**Work task:** From the listing below, reproduce exactly the lines starting with the one with "Truyện Tranh Pháp" and going on through the one with "Toko Online Teafinity", both ends kept. No picture is copied.

**Given data:**
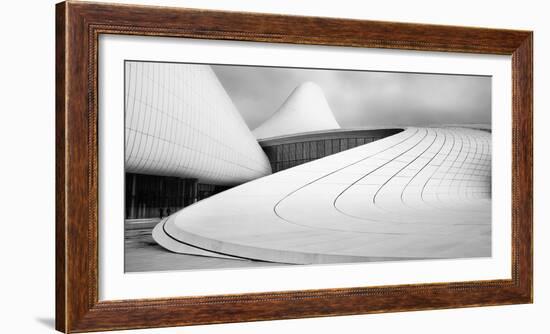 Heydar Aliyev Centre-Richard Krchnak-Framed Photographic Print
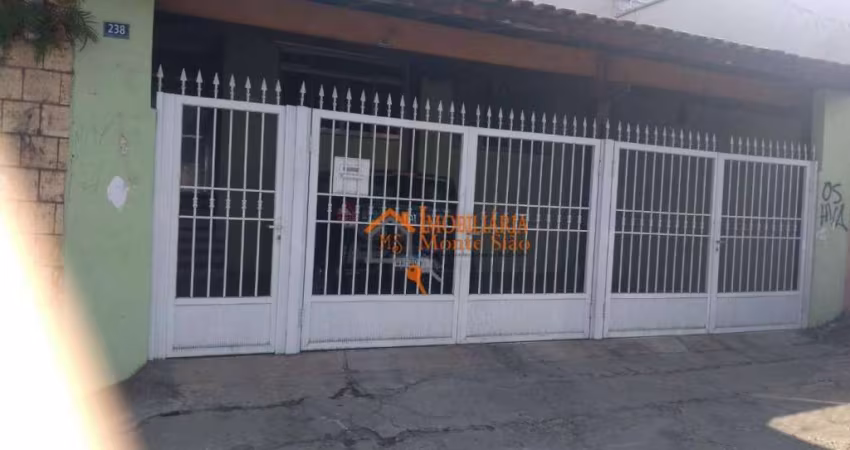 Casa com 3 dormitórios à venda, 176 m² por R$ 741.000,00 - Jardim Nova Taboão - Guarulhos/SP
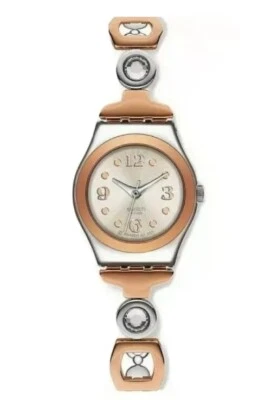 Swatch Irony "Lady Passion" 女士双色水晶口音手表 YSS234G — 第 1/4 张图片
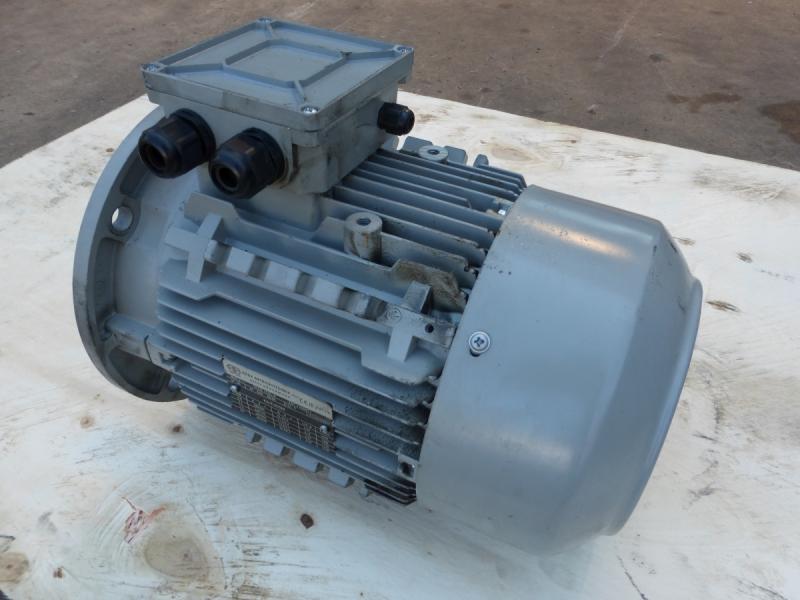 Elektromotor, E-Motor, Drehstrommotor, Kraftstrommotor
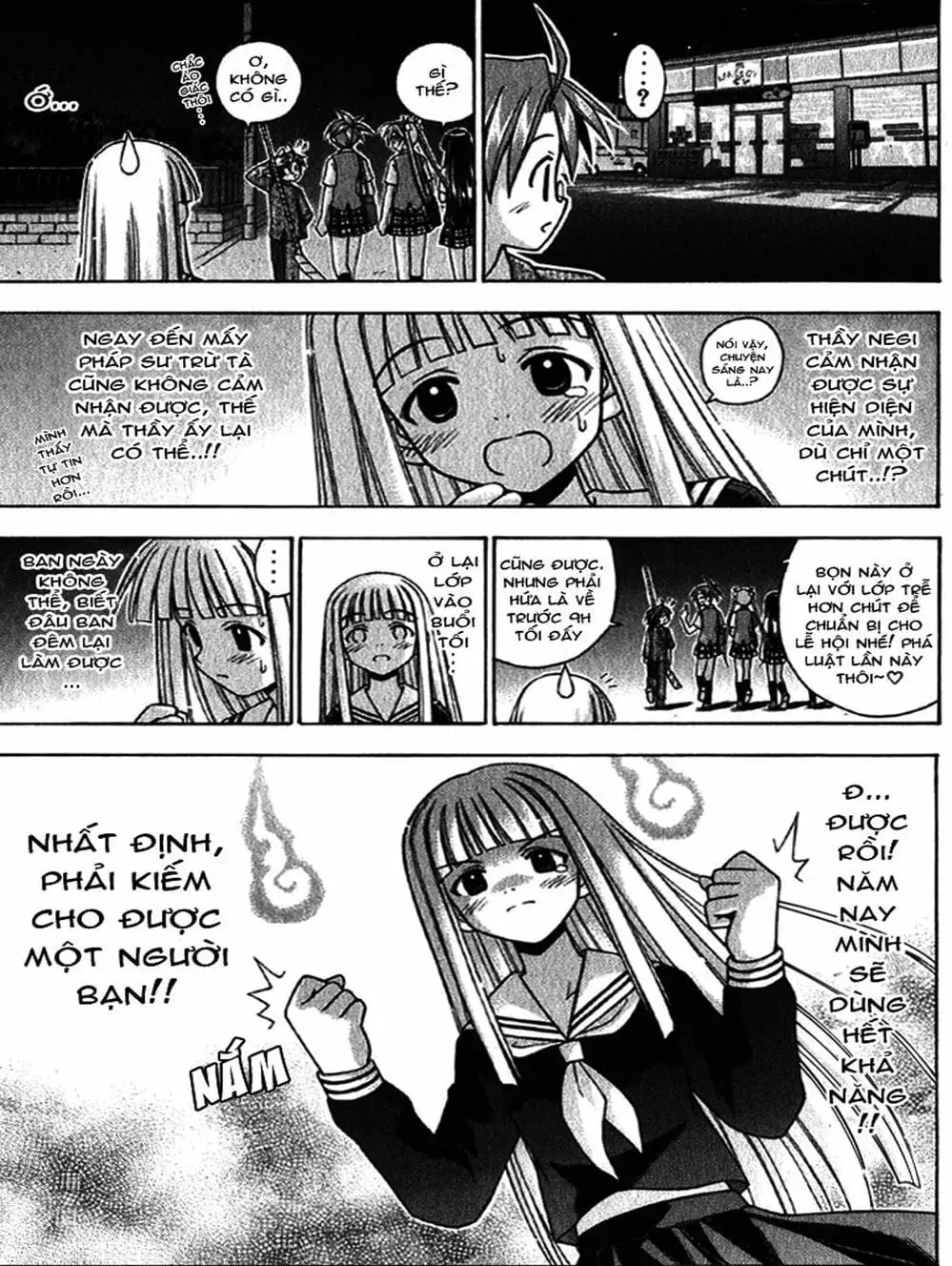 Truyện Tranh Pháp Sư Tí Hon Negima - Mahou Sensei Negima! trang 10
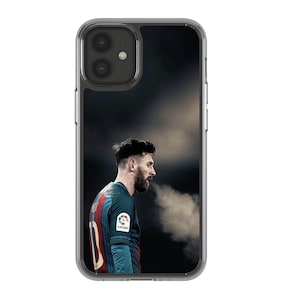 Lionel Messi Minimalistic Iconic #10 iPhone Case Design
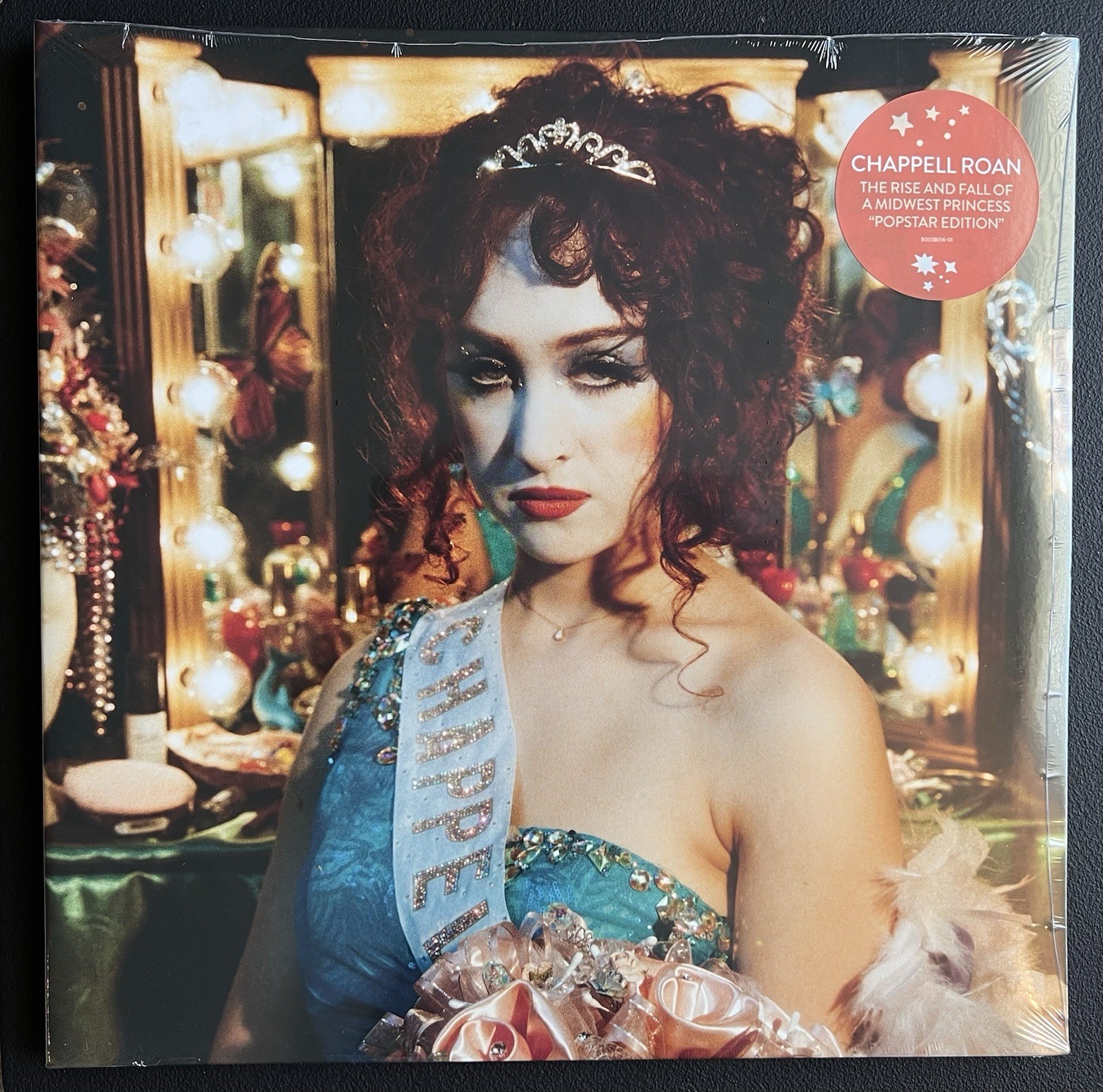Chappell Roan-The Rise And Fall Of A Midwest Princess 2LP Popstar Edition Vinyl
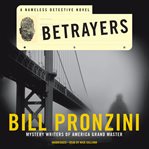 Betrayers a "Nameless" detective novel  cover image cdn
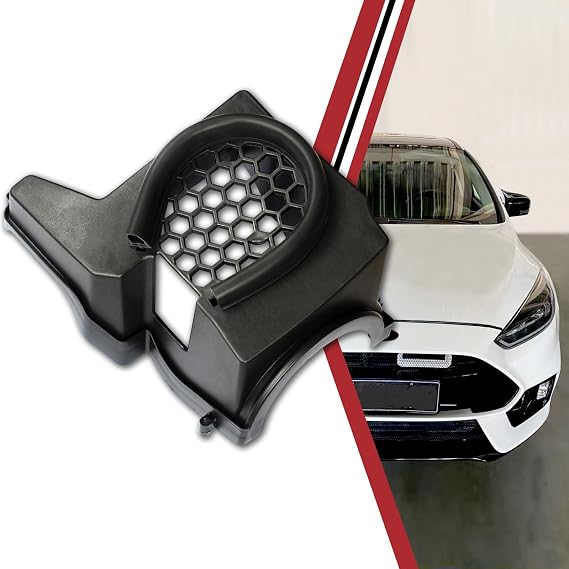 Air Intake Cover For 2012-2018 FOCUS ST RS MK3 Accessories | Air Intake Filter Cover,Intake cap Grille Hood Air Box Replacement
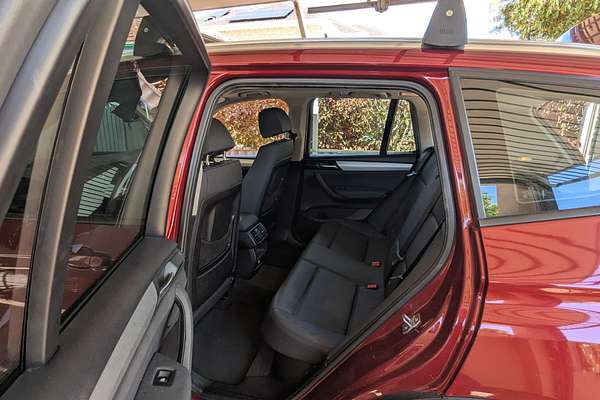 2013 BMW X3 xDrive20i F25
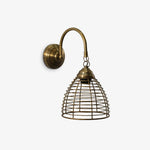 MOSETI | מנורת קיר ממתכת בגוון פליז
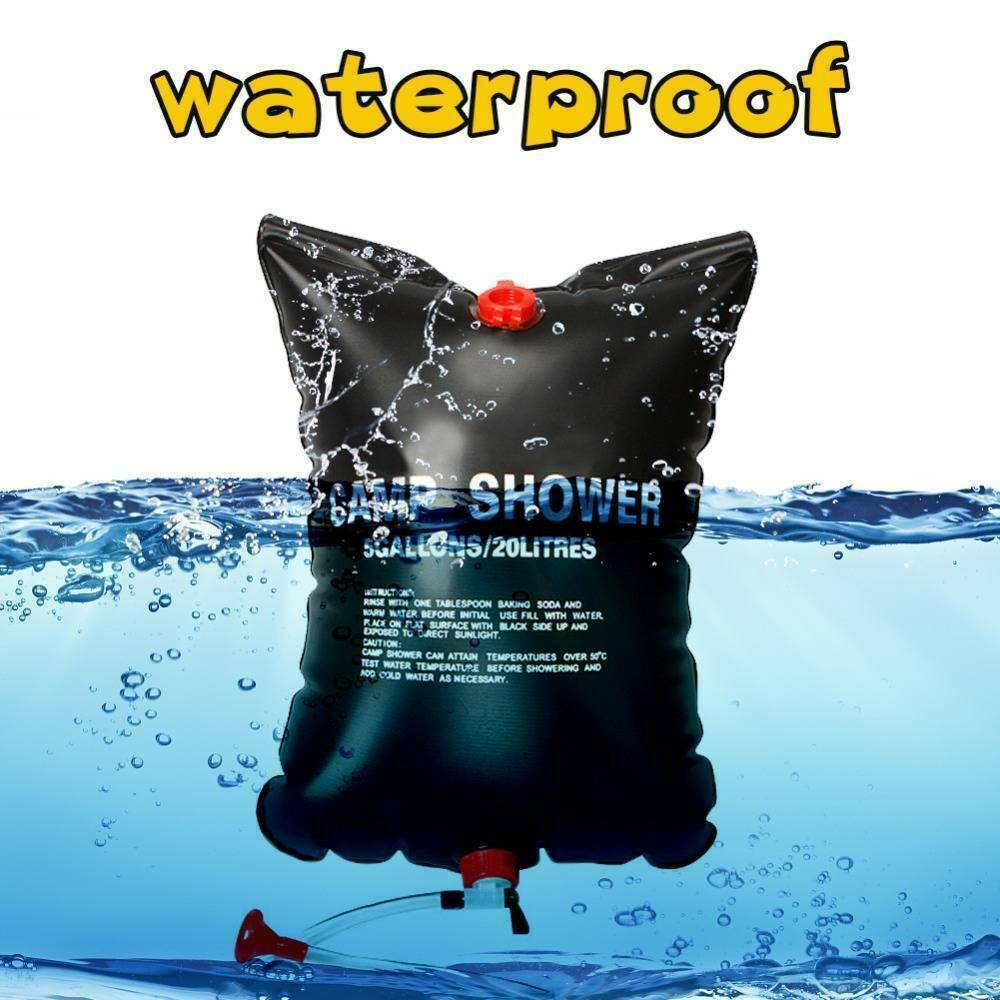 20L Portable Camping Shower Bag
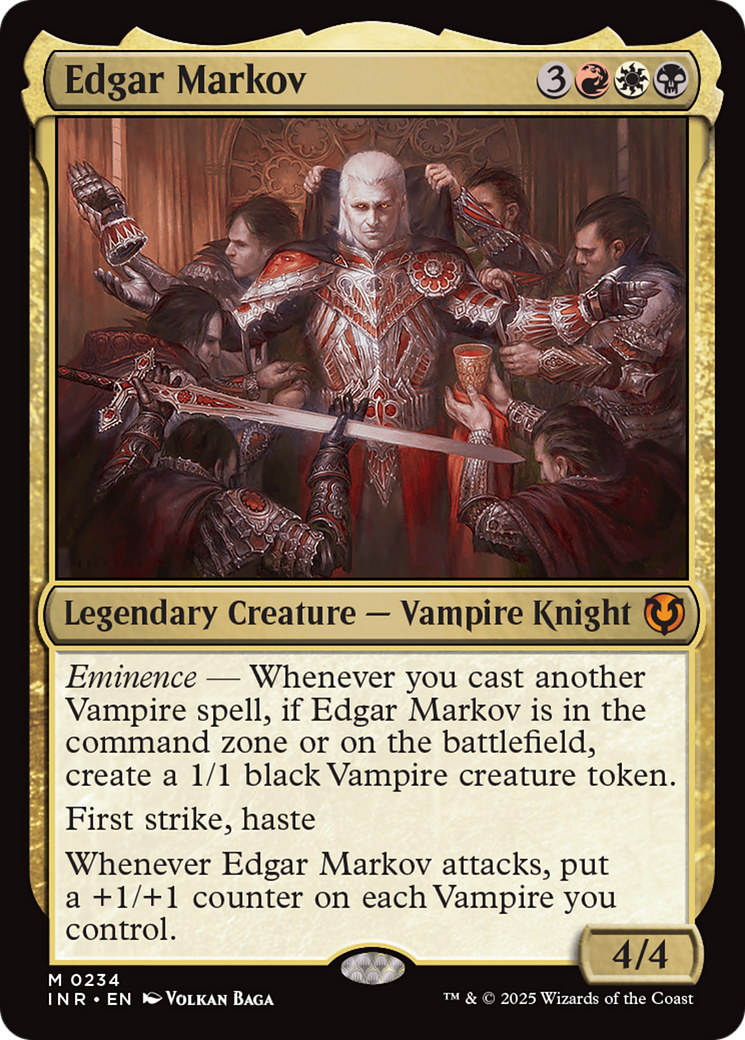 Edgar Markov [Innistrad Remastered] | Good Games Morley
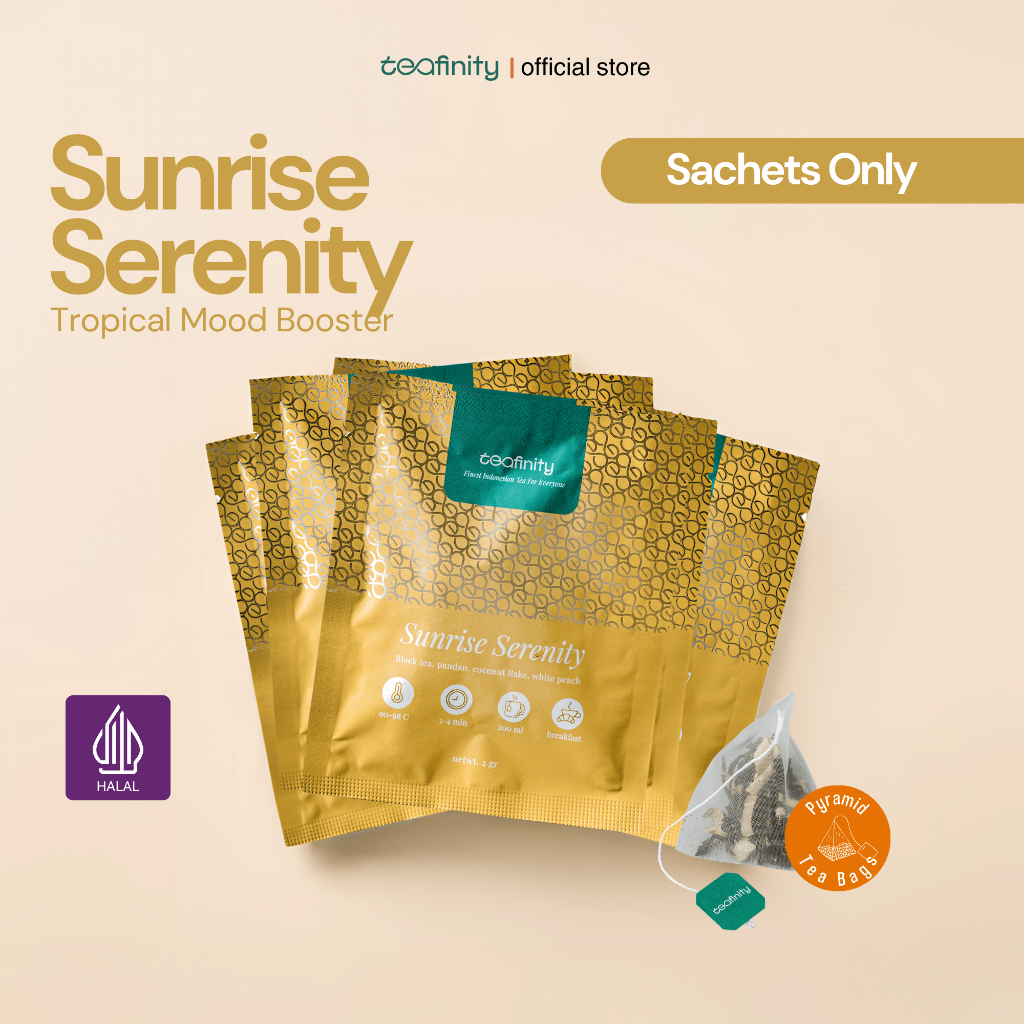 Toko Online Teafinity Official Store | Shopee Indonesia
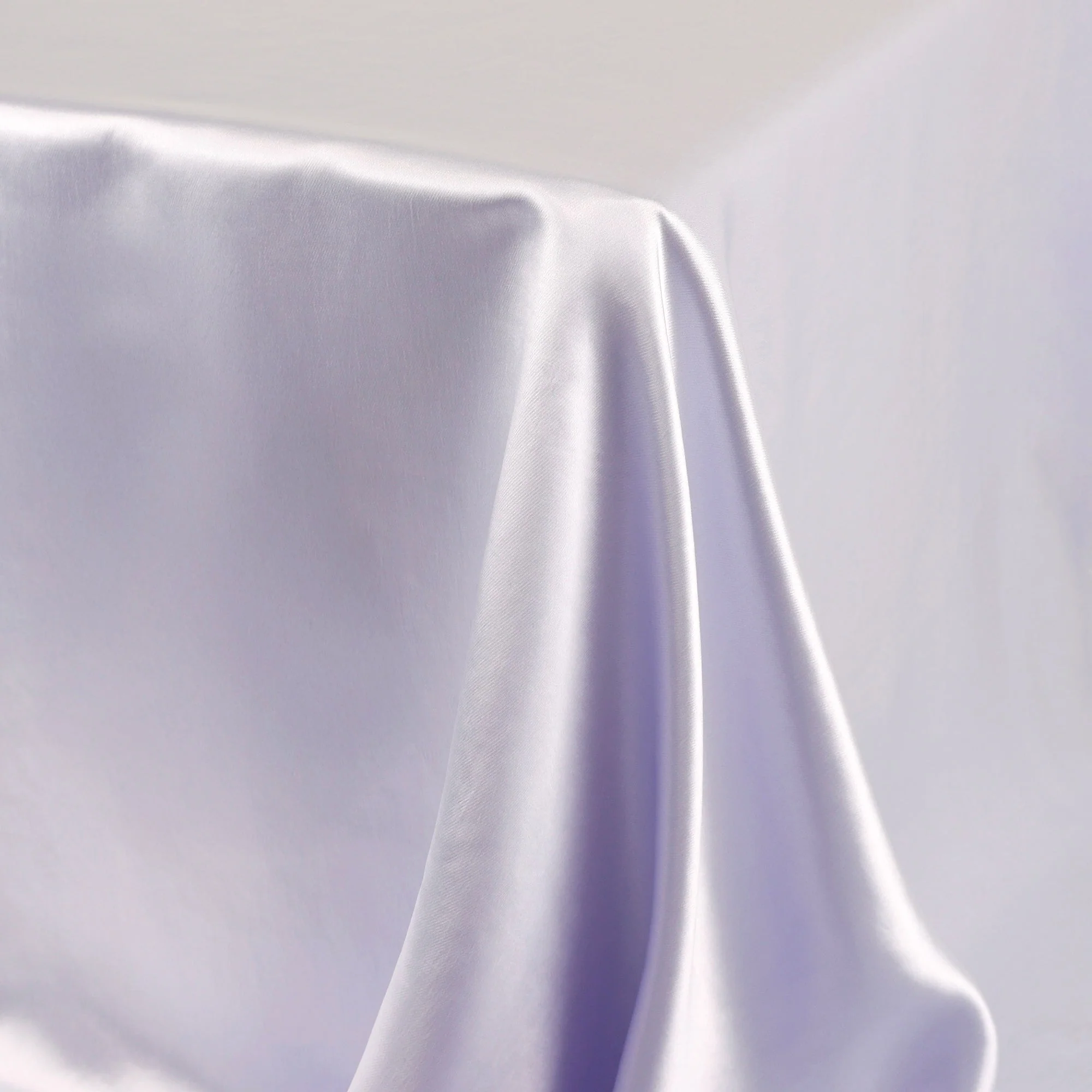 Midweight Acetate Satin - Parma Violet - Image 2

**Exercise output:**
 Truyện Tranh Pháp Sư Tí Hon Negima - Mahou Sensei Negima! trang 10
 Lionel Messi Minimalistic Iconic #10 iPhone Case Design
Chappell Roan-The Rise And Fall Of A Midwest Princess 2LP Popstar Edition Vinyl
 Betrayers a "Nameless" detective novel  cover image cdn
 Air Intake Cover For 2012-2018 FOCUS ST RS MK3 Accessories | Air Intake Filter Cover,Intake cap Grille Hood Air Box Replacement
 2013 BMW X3 xDrive20i F25
 MOSETI | מנורת קיר ממתכת בגוון פליז
 20L Portable Camping Shower Bag
 Edgar Markov [Innistrad Remastered] | Good Games Morley
 Toko Online Teafinity Official Store | Shopee Indonesia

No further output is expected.